The physical properties, strength index, and permeability coefficients of oil-contaminated silty clay have changed, leading to the susceptibility of flood-controlled ancient dikes to disasters such as leakage and bank-slope instability. Through dynamic triaxial tests and variable head permeability tests, the strength index and permeability coefficient changes in oil-contaminated soil and MLM-improved soil were obtained. By using the finite element numerical simulation method for comparative analysis, the effect of MLM improvement on oil-contaminated soil on improving the leakage of flood-controlled ancient dikes and bank slope stability was obtained. Subsequently, MLM pressure grouting technology was used to repair the ruins of flood-controlled ancient dikes.
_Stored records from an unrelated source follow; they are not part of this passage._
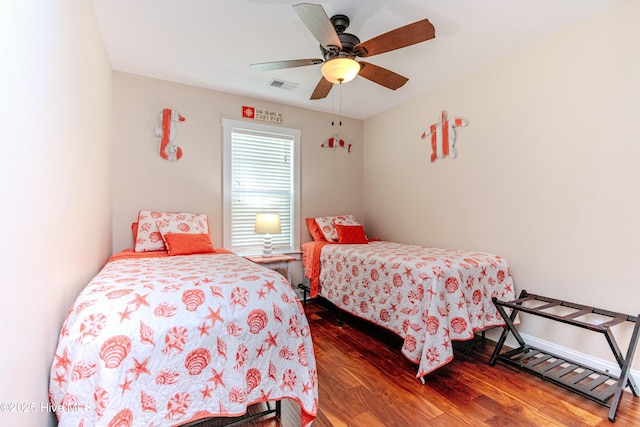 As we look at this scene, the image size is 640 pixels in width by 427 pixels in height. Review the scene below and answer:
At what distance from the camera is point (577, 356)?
2273 mm

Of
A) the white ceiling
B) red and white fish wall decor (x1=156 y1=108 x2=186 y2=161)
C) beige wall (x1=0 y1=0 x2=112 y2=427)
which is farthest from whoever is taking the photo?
red and white fish wall decor (x1=156 y1=108 x2=186 y2=161)

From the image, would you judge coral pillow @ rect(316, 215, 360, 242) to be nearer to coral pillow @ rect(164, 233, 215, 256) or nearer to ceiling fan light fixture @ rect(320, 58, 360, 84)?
coral pillow @ rect(164, 233, 215, 256)

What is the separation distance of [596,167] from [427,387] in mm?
1969

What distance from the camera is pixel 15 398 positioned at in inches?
37.8

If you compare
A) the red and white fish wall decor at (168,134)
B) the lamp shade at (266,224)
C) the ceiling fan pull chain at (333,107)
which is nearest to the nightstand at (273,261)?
the lamp shade at (266,224)

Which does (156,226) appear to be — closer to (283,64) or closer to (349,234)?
(283,64)

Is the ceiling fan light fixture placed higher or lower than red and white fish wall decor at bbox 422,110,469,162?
higher

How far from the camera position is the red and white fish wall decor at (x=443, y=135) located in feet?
10.5

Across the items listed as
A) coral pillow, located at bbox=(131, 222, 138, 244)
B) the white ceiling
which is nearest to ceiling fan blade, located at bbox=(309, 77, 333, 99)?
the white ceiling

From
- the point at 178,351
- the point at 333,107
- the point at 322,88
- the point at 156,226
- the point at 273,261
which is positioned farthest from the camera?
the point at 333,107

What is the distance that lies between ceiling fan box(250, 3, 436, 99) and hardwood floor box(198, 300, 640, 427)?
7.03 feet

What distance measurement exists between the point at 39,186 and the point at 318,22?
1557 millimetres

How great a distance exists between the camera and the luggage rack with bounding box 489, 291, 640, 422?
1.81 m

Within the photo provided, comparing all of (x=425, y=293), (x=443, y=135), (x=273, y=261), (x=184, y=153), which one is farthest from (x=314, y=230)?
(x=425, y=293) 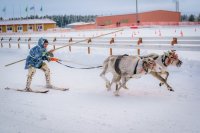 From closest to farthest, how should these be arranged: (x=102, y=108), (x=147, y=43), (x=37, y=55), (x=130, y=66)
→ (x=102, y=108)
(x=130, y=66)
(x=37, y=55)
(x=147, y=43)

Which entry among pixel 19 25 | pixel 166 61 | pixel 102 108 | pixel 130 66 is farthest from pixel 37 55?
pixel 19 25

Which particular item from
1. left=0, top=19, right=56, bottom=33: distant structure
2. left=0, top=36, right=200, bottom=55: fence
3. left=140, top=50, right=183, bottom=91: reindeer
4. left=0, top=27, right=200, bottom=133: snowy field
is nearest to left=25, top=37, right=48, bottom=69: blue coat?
left=0, top=27, right=200, bottom=133: snowy field

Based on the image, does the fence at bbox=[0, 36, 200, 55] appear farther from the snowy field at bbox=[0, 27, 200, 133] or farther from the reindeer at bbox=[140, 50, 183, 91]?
the reindeer at bbox=[140, 50, 183, 91]

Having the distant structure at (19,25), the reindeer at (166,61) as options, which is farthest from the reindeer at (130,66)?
the distant structure at (19,25)

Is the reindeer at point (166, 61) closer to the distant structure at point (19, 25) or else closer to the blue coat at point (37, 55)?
the blue coat at point (37, 55)

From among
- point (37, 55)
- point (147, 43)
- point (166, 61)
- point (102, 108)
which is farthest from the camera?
point (147, 43)

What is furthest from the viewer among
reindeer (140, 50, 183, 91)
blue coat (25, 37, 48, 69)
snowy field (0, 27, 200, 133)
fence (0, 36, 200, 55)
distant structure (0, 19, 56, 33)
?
distant structure (0, 19, 56, 33)

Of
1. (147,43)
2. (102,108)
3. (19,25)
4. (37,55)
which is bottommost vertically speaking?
(102,108)

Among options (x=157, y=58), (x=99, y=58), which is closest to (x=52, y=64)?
(x=99, y=58)

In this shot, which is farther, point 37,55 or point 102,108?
point 37,55

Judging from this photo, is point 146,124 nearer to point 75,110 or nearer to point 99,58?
point 75,110

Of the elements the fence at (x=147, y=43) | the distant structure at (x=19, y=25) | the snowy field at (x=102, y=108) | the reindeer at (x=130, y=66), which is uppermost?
the distant structure at (x=19, y=25)

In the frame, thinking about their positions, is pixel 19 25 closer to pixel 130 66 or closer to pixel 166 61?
pixel 166 61

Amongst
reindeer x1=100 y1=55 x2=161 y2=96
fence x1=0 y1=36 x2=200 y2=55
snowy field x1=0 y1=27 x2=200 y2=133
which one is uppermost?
fence x1=0 y1=36 x2=200 y2=55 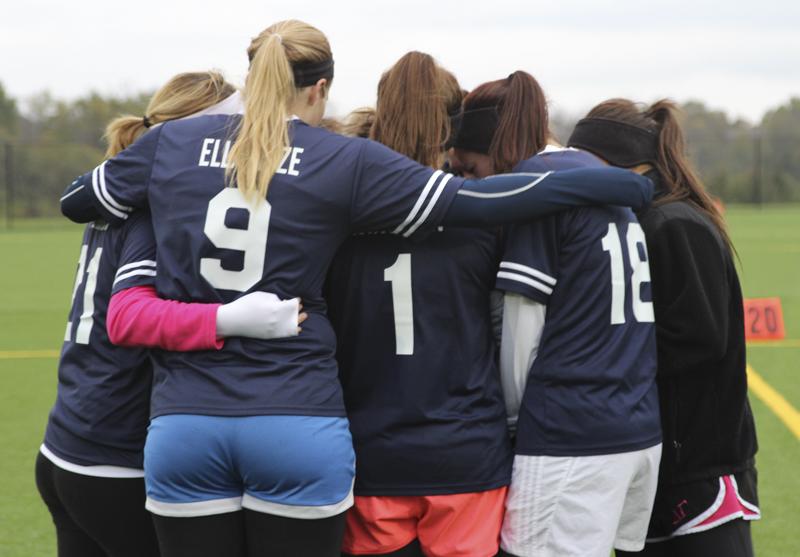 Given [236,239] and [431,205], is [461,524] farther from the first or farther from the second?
[236,239]

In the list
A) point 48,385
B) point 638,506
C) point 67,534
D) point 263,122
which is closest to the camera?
point 263,122

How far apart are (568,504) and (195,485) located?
2.97 feet

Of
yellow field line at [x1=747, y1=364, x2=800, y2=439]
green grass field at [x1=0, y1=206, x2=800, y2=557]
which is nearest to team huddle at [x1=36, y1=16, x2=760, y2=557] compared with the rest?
green grass field at [x1=0, y1=206, x2=800, y2=557]

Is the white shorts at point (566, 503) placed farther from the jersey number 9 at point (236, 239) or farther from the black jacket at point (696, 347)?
the jersey number 9 at point (236, 239)

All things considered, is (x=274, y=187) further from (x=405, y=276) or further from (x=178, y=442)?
(x=178, y=442)

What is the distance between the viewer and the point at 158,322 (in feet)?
8.41

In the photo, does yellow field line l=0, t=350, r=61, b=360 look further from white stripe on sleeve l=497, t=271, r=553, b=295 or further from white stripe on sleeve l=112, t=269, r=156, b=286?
white stripe on sleeve l=497, t=271, r=553, b=295

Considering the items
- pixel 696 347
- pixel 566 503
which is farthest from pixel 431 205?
pixel 696 347

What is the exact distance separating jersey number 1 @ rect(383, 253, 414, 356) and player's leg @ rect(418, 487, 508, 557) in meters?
0.39

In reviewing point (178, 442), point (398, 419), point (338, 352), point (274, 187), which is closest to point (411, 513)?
point (398, 419)

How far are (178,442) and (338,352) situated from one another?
49 cm

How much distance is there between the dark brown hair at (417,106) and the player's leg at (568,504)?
0.83m

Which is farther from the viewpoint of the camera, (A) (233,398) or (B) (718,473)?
(B) (718,473)

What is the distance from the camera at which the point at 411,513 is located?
274 cm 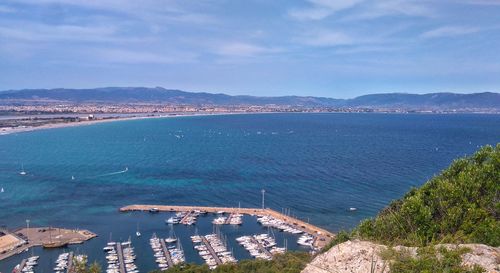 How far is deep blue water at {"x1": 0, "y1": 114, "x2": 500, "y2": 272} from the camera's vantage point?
48125mm

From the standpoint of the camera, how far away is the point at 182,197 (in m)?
57.4

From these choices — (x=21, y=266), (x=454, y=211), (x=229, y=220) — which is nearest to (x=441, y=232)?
(x=454, y=211)

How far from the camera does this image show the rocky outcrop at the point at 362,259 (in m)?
9.78

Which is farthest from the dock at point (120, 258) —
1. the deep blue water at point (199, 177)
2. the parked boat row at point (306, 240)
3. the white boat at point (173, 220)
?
the parked boat row at point (306, 240)

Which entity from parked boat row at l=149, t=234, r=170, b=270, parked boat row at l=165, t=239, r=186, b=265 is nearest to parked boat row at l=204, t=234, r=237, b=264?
parked boat row at l=165, t=239, r=186, b=265

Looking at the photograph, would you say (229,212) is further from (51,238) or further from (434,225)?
(434,225)

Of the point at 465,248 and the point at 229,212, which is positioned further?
the point at 229,212

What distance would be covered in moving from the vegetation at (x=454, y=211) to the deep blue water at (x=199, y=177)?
74.3 ft

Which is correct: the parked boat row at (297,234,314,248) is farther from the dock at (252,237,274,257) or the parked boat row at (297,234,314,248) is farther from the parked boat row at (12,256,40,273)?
the parked boat row at (12,256,40,273)

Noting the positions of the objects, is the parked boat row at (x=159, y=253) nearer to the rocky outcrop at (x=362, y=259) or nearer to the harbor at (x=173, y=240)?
the harbor at (x=173, y=240)

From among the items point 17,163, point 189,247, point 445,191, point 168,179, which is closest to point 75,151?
point 17,163

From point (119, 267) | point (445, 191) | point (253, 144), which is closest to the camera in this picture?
point (445, 191)

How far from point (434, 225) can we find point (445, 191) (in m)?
2.20

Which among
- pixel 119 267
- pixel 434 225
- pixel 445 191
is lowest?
pixel 119 267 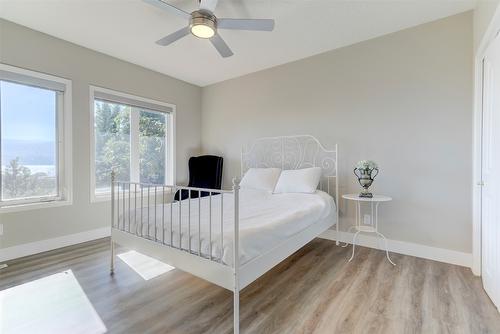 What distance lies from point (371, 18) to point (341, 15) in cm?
36

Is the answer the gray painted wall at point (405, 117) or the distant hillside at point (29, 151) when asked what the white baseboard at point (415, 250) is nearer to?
the gray painted wall at point (405, 117)

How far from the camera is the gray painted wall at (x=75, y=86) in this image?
263cm

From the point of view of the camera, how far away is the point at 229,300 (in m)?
1.88

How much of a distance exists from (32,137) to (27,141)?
7 centimetres

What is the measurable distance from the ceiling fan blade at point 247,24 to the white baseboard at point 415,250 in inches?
103

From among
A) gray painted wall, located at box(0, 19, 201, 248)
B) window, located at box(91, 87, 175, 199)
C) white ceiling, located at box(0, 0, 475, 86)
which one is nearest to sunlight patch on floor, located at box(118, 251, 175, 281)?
gray painted wall, located at box(0, 19, 201, 248)

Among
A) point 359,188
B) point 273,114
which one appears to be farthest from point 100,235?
point 359,188

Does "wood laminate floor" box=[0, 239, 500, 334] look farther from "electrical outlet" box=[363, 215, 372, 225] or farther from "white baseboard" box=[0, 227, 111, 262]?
"electrical outlet" box=[363, 215, 372, 225]

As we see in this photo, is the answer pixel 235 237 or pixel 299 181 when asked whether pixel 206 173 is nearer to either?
pixel 299 181

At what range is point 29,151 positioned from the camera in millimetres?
2789

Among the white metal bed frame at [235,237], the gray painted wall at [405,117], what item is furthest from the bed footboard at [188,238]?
the gray painted wall at [405,117]

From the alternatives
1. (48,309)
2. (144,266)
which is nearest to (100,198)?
(144,266)

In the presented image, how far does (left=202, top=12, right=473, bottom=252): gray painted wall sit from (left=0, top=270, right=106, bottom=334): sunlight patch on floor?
2.89 meters

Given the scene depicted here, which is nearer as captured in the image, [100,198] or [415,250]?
[415,250] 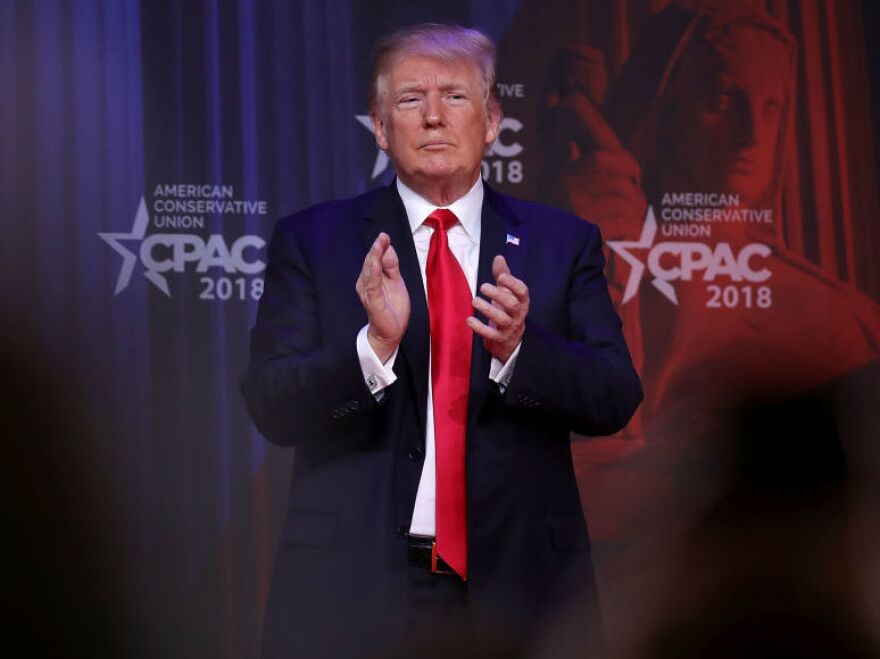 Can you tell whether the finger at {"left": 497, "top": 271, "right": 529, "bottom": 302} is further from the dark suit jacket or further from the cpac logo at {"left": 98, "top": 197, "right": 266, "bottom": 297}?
the cpac logo at {"left": 98, "top": 197, "right": 266, "bottom": 297}

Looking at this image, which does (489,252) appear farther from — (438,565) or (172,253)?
(172,253)

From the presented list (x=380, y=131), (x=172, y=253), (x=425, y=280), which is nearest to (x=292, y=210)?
(x=172, y=253)

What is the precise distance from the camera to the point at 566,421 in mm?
1954

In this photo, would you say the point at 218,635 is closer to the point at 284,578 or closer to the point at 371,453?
the point at 284,578

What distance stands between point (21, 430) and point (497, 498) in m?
1.48

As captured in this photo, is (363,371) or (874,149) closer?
(363,371)

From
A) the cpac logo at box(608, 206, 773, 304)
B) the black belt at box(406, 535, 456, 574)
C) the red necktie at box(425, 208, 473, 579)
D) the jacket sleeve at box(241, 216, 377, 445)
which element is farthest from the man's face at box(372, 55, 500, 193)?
the cpac logo at box(608, 206, 773, 304)

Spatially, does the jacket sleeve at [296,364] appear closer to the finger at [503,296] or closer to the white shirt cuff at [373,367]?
the white shirt cuff at [373,367]

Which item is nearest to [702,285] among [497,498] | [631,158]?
[631,158]

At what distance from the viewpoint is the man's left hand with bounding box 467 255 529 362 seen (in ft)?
5.72

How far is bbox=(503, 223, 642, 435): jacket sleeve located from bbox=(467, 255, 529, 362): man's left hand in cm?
4

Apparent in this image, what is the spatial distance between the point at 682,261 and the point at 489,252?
48.7 inches

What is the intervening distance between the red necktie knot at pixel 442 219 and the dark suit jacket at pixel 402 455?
0.06 meters

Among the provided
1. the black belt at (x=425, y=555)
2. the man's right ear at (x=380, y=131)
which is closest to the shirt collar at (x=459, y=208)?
the man's right ear at (x=380, y=131) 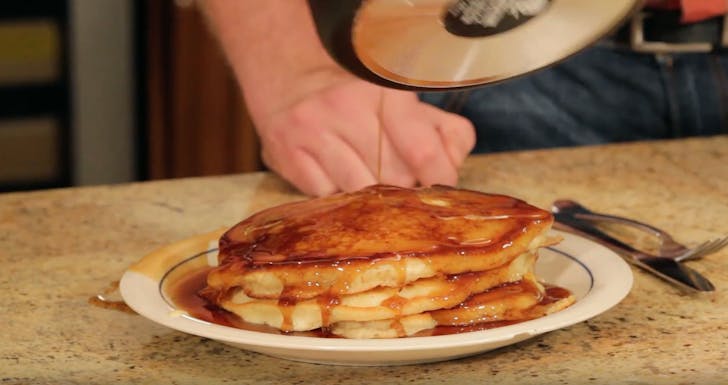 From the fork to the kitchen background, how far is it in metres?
2.33

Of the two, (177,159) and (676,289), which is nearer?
(676,289)

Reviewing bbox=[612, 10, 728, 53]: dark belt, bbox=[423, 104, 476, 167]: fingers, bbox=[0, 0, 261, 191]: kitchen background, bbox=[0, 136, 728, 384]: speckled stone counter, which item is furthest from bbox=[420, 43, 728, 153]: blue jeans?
bbox=[0, 0, 261, 191]: kitchen background

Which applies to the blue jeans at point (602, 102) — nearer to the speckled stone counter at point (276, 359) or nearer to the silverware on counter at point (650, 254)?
the speckled stone counter at point (276, 359)

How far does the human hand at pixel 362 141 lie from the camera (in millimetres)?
1638

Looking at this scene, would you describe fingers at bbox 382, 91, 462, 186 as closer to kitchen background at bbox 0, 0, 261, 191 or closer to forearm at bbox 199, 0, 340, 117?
forearm at bbox 199, 0, 340, 117

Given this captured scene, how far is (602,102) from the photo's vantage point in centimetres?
217

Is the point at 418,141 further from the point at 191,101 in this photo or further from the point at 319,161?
the point at 191,101

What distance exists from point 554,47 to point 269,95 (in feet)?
2.35

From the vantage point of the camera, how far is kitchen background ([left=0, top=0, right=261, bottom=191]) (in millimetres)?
3801

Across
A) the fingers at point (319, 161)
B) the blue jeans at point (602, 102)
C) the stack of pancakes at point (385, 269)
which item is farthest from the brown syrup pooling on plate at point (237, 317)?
the blue jeans at point (602, 102)

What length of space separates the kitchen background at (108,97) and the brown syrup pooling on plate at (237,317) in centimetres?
259

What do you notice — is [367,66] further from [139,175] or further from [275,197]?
[139,175]

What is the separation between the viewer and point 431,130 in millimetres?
1677

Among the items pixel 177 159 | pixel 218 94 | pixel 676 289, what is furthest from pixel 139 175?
pixel 676 289
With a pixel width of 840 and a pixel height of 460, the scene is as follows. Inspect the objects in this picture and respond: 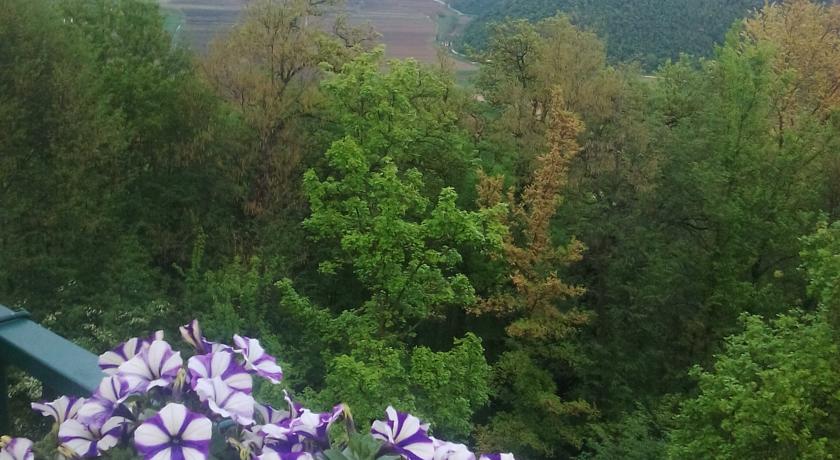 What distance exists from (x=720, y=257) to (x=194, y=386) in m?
14.8

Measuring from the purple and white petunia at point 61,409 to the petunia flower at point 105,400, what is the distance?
0.18 ft

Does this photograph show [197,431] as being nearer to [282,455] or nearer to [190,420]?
[190,420]

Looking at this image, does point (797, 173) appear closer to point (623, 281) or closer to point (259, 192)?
point (623, 281)

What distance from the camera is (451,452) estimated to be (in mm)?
1445

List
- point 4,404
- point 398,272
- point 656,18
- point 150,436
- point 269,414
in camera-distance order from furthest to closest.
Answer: point 656,18 → point 398,272 → point 4,404 → point 269,414 → point 150,436

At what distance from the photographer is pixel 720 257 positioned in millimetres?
14711

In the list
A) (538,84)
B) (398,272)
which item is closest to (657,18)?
(538,84)

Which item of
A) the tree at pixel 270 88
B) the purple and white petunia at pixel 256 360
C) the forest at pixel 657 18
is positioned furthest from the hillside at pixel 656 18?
the purple and white petunia at pixel 256 360

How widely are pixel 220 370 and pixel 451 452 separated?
1.54ft

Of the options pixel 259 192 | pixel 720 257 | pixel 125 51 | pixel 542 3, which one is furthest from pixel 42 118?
pixel 542 3

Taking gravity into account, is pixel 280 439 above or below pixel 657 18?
above

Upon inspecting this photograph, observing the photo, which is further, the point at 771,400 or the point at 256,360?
the point at 771,400

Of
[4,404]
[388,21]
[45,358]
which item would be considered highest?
[45,358]

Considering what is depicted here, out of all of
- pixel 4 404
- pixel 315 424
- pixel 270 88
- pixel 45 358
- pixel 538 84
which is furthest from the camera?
pixel 538 84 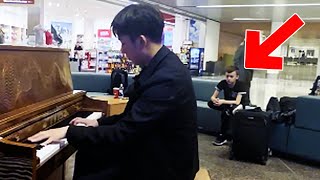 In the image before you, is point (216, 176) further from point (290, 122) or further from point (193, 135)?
point (193, 135)

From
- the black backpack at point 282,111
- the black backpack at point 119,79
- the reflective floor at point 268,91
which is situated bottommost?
the reflective floor at point 268,91

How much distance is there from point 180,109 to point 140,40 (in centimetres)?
31

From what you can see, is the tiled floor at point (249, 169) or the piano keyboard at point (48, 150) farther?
the tiled floor at point (249, 169)

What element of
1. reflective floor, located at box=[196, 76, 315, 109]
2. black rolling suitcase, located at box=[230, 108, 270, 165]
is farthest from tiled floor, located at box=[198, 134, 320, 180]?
reflective floor, located at box=[196, 76, 315, 109]

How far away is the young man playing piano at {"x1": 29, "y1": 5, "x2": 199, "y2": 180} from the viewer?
1361 mm

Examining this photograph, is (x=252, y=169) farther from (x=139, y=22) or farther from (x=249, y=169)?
(x=139, y=22)

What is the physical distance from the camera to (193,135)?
1481 mm

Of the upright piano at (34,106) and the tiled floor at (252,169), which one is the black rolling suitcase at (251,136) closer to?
the tiled floor at (252,169)

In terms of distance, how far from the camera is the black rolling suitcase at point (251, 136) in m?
4.12

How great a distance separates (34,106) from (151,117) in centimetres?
101

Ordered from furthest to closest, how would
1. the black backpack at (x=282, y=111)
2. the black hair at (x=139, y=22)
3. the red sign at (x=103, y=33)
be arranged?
the red sign at (x=103, y=33) < the black backpack at (x=282, y=111) < the black hair at (x=139, y=22) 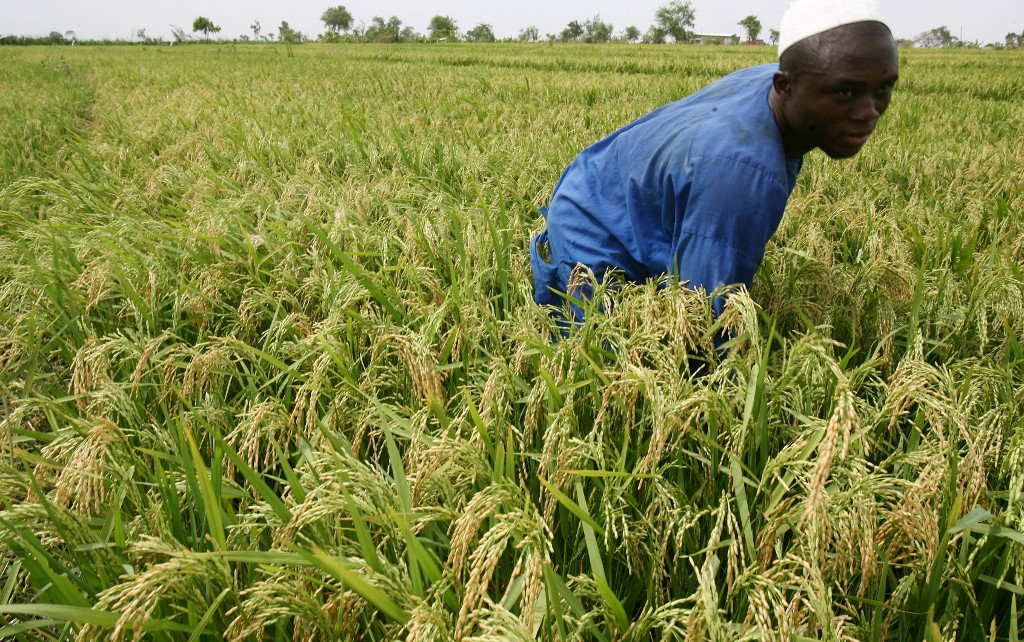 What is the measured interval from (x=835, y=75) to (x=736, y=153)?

The following conclusions were drawn from the above series of studies.

(1) After the silty clay was contaminated with oil, the relationship between the principal stress deviation and strain of the soil sample changed with the change in oil content, leading to stress hardening. When the oil content increased, the strength index also changed. When the oil content was 6%, the friction angle reached its maximum value, but as the oil content continued to increase, the friction angle decreased. When MLM was used to repair oil-contaminated soil, as the MLM content increased, the friction angle and cohesion of the soil sample also increased. When the MLM content was 10% and the oil content was 6%, the friction angle of the soil sample reached its maximum value. At the same MLM content, the higher the density of the soil sample, the greater the friction angle and cohesion, and the smaller the permeability coefficient.

(2) The finite element numerical simulation analysis shows that after the soil of the flood-controlled ancient dike was contaminated with oil, when the water level was at its maximum rate of change, and the water level was 26.58 m, the extreme hydraulic gradient of the ancient dike soil reached 0.64, and the extreme safety coefficient of bank slope stability was 1.004. When MLM was used to repair oil-contaminated soil, when the MLM content was 10%, the extreme hydraulic gradient of the ancient dike was 0.44, a decrease of 31.3%, and the extreme safety factor of bank slope stability was 1.317, an increase of 31.2%.

(3) MLM pressure-grouting technology was used to repair flood-controlled ancient dikes. The effective diffusion radius of MLM was detected through grouting tests, and then the distance, arrangement, and depth of MLM pressure grouting holes were determined. After the MLM grouting repair of oil-contaminated soil on the slope of the ancient dike was completed, on-site water injection permeability tests showed that the permeability coefficient of the ancient dike soil decreased by 8–12%.

Notably, this study can provide research methods and technical measures for the repair of similar flood-controlled ancient dikes.